### INFORMATION SHOWN
== Segment start ==
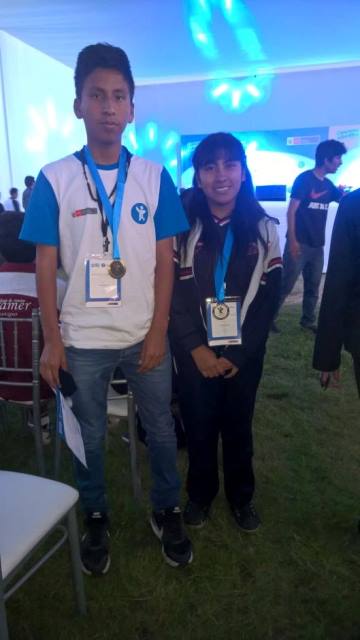 Estudiantes de ugel 01 alcanzaron medallas en onem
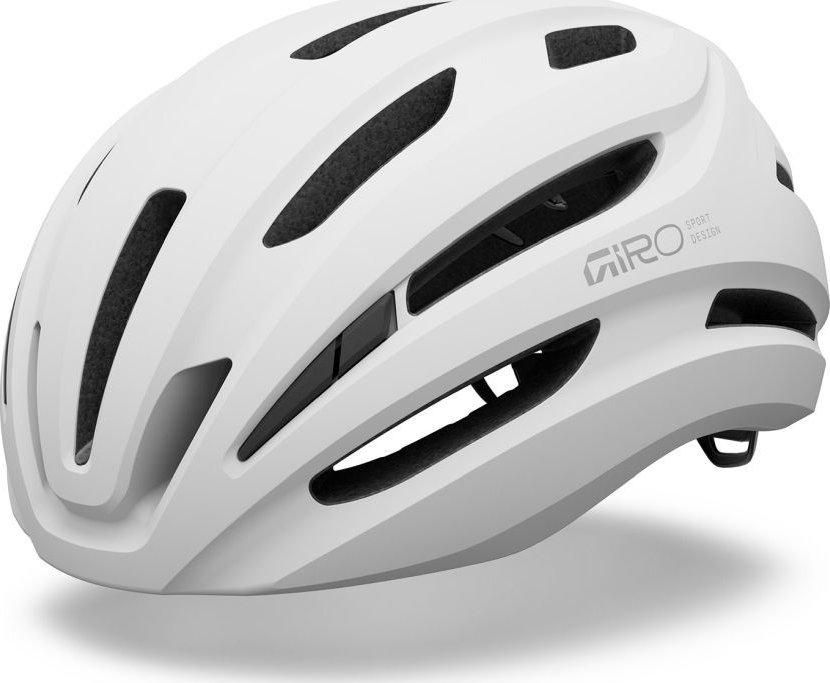 Cyklistická helma GIRO Isode II Mat White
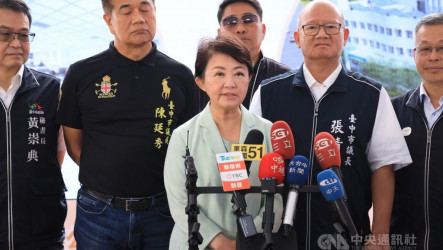 盧秀燕：台中台北進入防災模式　競選活動暫不奉陪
== Segment end ==
### WORK TO BE COMPLETED
Print once more, exactly, the lines from the one with "Cyklistická helma GIRO Isode II Mat White" through the last line of the data, both ends included, without any pictures.

### EXPECTED ANSWER
 Cyklistická helma GIRO Isode II Mat White
 盧秀燕：台中台北進入防災模式　競選活動暫不奉陪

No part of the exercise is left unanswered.